Work item: Taking the first line of the listing as the start and the line containing "David Ramirez Chocolates" as the end, reproduce everything in between exactly, both ends included.

Material supplied:
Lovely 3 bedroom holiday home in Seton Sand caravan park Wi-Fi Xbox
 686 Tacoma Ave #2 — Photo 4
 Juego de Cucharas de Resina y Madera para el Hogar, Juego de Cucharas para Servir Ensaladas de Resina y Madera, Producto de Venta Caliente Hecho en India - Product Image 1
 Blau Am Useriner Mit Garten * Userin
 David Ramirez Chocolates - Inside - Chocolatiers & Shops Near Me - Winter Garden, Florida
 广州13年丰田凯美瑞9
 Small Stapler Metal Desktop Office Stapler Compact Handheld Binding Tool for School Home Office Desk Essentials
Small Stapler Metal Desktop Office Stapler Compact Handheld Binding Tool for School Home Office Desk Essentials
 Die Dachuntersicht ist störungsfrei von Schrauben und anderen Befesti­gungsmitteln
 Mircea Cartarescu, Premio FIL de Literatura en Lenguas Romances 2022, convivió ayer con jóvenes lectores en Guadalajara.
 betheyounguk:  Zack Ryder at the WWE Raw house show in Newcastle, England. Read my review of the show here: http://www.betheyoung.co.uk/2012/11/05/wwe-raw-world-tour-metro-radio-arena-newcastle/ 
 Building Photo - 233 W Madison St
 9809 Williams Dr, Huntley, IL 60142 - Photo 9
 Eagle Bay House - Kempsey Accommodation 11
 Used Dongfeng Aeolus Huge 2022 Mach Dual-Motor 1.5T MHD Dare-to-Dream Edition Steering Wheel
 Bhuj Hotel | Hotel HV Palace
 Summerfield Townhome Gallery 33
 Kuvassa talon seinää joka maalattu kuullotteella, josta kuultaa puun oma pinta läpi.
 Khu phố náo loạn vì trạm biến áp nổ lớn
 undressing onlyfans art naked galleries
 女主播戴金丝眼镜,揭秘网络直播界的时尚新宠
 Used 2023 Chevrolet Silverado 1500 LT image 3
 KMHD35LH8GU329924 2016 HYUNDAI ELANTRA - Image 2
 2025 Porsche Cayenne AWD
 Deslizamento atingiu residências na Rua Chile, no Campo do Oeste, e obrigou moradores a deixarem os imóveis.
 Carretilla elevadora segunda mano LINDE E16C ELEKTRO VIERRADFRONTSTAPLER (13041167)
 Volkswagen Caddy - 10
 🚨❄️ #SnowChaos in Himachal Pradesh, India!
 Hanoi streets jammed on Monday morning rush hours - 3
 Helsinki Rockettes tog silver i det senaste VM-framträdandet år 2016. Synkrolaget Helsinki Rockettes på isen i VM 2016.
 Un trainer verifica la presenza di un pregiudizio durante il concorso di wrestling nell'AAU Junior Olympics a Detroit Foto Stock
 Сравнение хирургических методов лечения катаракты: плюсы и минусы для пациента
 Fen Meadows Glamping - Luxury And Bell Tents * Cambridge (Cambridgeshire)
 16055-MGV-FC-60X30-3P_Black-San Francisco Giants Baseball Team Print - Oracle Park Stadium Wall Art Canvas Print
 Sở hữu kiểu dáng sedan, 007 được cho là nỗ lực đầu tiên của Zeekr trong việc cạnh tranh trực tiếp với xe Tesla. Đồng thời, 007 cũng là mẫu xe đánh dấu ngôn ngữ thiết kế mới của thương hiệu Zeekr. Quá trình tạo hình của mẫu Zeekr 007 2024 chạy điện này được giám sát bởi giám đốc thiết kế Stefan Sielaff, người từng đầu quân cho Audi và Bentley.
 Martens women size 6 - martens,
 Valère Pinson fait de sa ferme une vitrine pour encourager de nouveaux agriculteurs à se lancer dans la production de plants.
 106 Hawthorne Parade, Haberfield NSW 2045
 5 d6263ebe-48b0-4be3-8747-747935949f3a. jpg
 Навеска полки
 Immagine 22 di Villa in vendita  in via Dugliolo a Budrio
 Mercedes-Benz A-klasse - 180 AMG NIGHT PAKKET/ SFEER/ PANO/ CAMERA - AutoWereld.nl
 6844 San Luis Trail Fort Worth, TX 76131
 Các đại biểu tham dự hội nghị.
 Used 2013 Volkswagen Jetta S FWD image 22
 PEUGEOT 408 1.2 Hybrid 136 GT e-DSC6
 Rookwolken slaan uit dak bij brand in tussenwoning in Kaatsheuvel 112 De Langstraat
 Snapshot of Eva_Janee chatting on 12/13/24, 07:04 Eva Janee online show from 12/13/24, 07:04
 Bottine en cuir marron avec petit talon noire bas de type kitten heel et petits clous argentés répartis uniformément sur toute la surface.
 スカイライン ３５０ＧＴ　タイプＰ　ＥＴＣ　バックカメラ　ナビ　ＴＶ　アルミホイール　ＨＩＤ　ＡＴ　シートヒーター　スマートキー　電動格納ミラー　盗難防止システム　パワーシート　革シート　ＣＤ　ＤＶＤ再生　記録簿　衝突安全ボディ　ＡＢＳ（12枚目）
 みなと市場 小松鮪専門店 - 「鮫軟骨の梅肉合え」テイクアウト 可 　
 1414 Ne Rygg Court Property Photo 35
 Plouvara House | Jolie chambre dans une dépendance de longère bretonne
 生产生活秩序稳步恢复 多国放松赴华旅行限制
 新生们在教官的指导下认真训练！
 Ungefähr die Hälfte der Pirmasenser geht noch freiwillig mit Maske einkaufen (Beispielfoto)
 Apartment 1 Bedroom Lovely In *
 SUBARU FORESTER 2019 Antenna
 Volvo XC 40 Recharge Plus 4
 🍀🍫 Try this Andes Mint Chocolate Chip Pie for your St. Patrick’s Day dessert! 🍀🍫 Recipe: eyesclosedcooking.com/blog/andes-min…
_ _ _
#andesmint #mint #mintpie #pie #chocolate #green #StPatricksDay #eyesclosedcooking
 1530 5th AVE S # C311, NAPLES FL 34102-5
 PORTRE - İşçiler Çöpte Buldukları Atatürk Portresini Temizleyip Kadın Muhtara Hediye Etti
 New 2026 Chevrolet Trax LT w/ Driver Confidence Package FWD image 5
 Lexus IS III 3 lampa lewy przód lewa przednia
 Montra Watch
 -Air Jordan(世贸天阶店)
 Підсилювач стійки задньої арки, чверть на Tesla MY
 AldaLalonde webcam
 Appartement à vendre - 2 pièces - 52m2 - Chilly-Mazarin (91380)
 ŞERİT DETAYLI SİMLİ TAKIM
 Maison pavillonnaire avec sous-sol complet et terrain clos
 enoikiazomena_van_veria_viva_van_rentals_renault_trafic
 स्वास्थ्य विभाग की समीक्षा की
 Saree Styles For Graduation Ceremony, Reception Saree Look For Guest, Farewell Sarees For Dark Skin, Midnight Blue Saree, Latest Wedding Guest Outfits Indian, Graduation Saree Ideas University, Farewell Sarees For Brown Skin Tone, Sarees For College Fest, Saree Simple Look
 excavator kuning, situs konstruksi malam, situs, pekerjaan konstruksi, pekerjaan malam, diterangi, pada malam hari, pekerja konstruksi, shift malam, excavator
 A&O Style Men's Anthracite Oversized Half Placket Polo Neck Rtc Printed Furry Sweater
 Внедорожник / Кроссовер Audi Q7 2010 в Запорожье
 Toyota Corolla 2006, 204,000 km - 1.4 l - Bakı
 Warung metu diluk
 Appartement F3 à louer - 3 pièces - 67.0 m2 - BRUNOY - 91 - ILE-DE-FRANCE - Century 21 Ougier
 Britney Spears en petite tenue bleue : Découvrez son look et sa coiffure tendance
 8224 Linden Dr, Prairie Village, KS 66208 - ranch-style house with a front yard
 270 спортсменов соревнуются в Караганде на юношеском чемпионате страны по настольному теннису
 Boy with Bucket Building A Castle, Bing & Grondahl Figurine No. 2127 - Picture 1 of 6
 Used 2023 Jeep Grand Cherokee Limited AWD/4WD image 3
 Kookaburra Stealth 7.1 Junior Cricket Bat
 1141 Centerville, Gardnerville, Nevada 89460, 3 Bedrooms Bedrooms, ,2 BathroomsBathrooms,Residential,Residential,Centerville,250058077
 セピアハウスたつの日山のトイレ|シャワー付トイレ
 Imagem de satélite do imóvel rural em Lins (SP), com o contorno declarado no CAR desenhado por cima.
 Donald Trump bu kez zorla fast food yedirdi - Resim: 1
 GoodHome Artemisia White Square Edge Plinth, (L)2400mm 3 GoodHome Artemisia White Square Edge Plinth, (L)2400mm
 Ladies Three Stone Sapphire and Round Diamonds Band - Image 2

Task response:
Lovely 3 bedroom holiday home in Seton Sand caravan park Wi-Fi Xbox
 686 Tacoma Ave #2 — Photo 4
 Juego de Cucharas de Resina y Madera para el Hogar, Juego de Cucharas para Servir Ensaladas de Resina y Madera, Producto de Venta Caliente Hecho en India - Product Image 1
 Blau Am Useriner Mit Garten * Userin
 David Ramirez Chocolates - Inside - Chocolatiers & Shops Near Me - Winter Garden, Florida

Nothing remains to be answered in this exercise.